Harry started off his competitive career in national showjumping classes, but dressage was to take over.
“I think in ’49/’50 I had my first successful start in competition, I won it, it was the lowest level but I won it.”
“Then the horses were better and better, and from ’55 I think I started Prix St Georges.”
“1956 I started in selection trials for Melbourne and Stockholm. I competed already to try to be a member of the team.”
“Then I had a really good few years, ’58/’59/’60, with really good horses, already at Grand Prix level. I won the Grand Prix at Aachen at this time. I was nearly 25 years at this level (international Grand Prix) until 1980.”
Trained by Kathe Franke, Harry competed in international Dressage Derbies during the 1960s.
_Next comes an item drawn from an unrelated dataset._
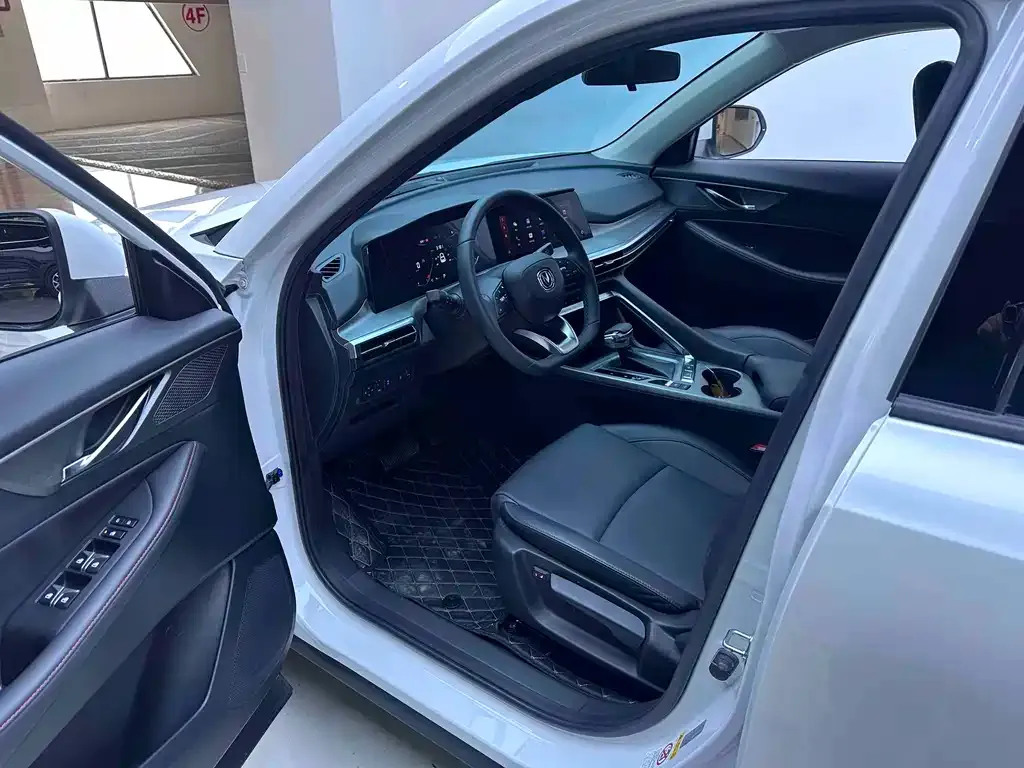 Changan CS35PLUS — фото 10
“There was the Olympics in Tokyo in 1964, the Olympics in Montreal in 1976, and in between many times in the team for the European and World Championships – from ’66 there was World Championships in dressage. In 1964 I was silver individual and gold team medal (on the Westphalien Remus), the same in Montreal (this time with Woyczek).”
Harry Boldt and Remus
“At this time (in the early 60s) there was Granat and Christine Stuckelberger, the Swiss were very strong in 1964 and there was the Swiss cavalry in Berne – they had some good riders and some good horses, they rode Spanish horses – but this is all gone now. The Swiss are so down at the moment.”
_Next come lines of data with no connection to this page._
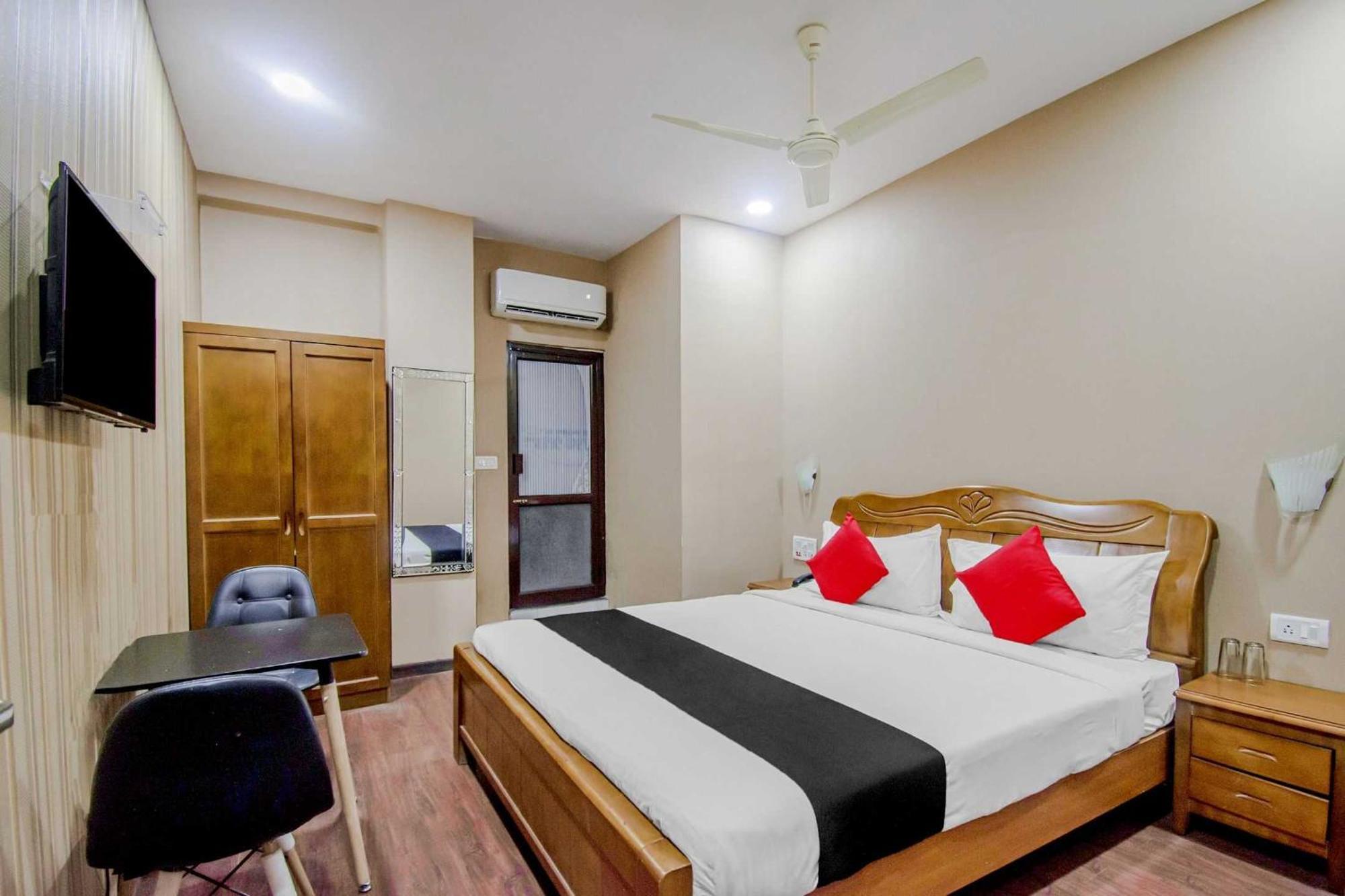 Collection O Mg Guest House Kolkata Luaran gambar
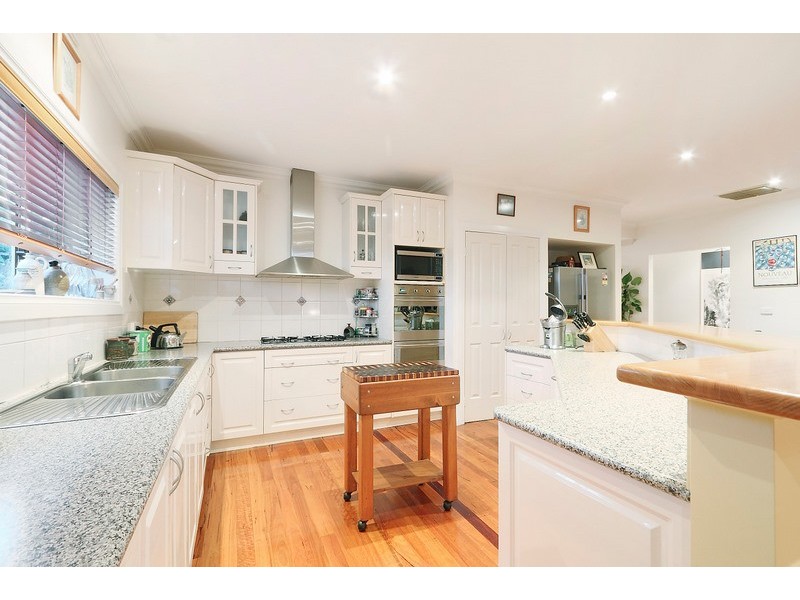 4 McCubbin Way, Berwick VIC 3806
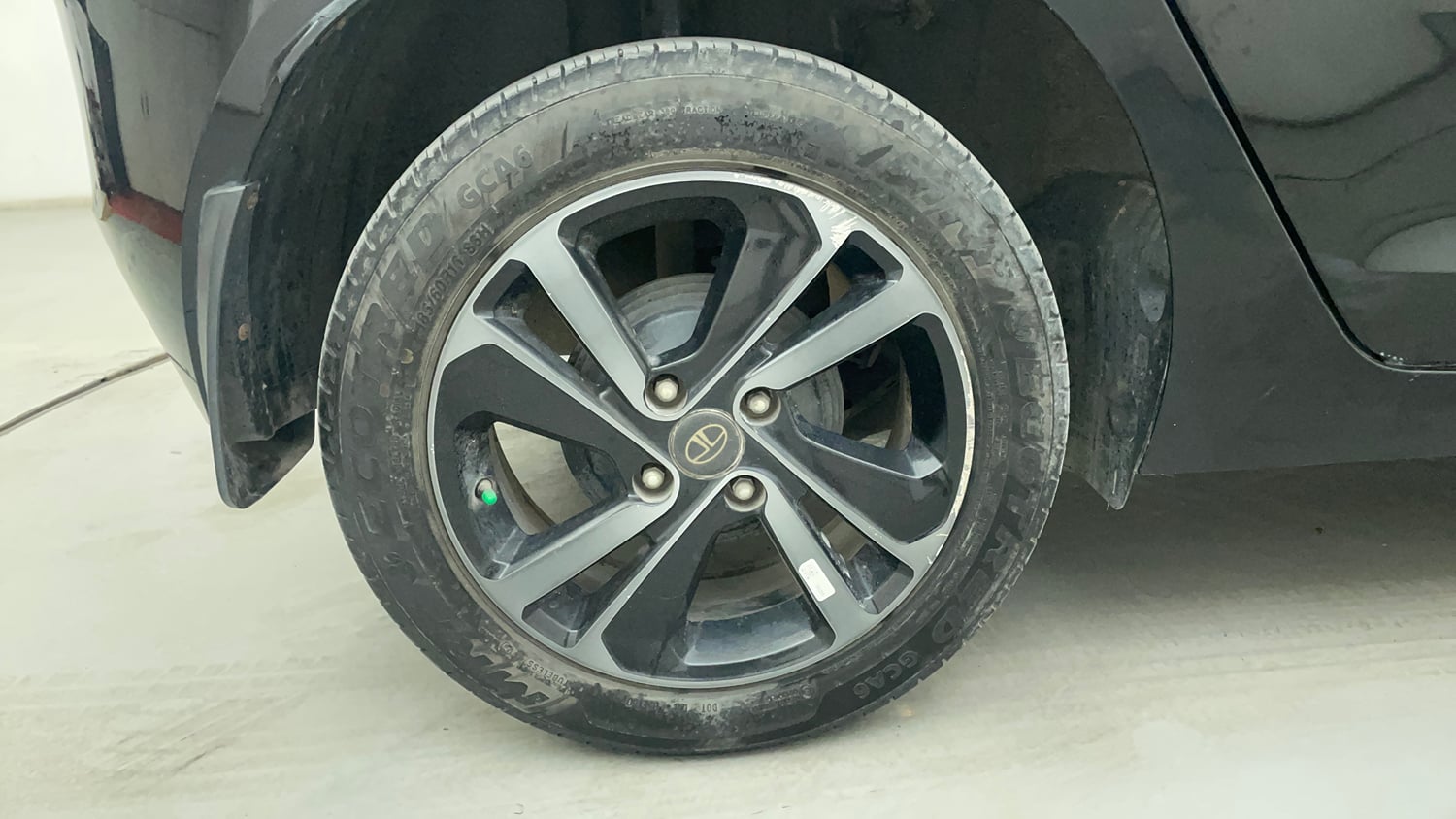 Used 2024 Tata Altroz XZA Plus (S) Dark Edition Petrol Automatic tyres RIGHT REAR TYRE RIM VIEW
“In 1980 I finished competing. I was on Charles, I did the last show of the outdoor season in Europe and I won it and told the Press that it was my last start. They couldn’t believe it.”
In fact, up to 1979 Harry claimed three German championship titles and had won seven individual and eight team medals at European and World Championships.
Harry and his pupil, Nicole Uphoff and Rembrandt at the first WEG, Stockholm, 1990
“Then I was thinking about starting as a trainer, from 1981. The German Equestrian Federation asked me if I was interested in being the coach – OK, I had support from the riders, they wanted it that I took over but it was a shock. The coach then was Willi Schultheis until 1980, and then they asked me and I was coach from 81 to 96. I never thought that I would be so long a coach of the German team. The Atlanta Olympics was my last job.”
“And I always stabled 10 horses, still worked with the horses, dealing with horses, buying and selling, but there wasn’t so much time from 81 on. In 1992, after Barcelona, I was a part-time coach, half a year in Germany and half a year in Australia. Every year in Europe is something, a World or European Championship or an Olympics, so half a year before that I was training the short-listed riders for the selection trials, up to the championships, then I came back here to Australia. I did that from 93 to 96, then from 97 I am more here than in Germany but still travelling. In the last half year, for eight or nine months before the Olympics I helped the Australian riders together with Clemens Dierks. I helped him a little bit – he was the coach. And that intensive training – the team was 6th in Sydney!”
Harry is proud of that achievement – no mean feat for Australia but not quite in the same league as his achievements in Europe. Under his supervision, the German team collected 50 medals at Olympic, European and World championships, 31 of them gold.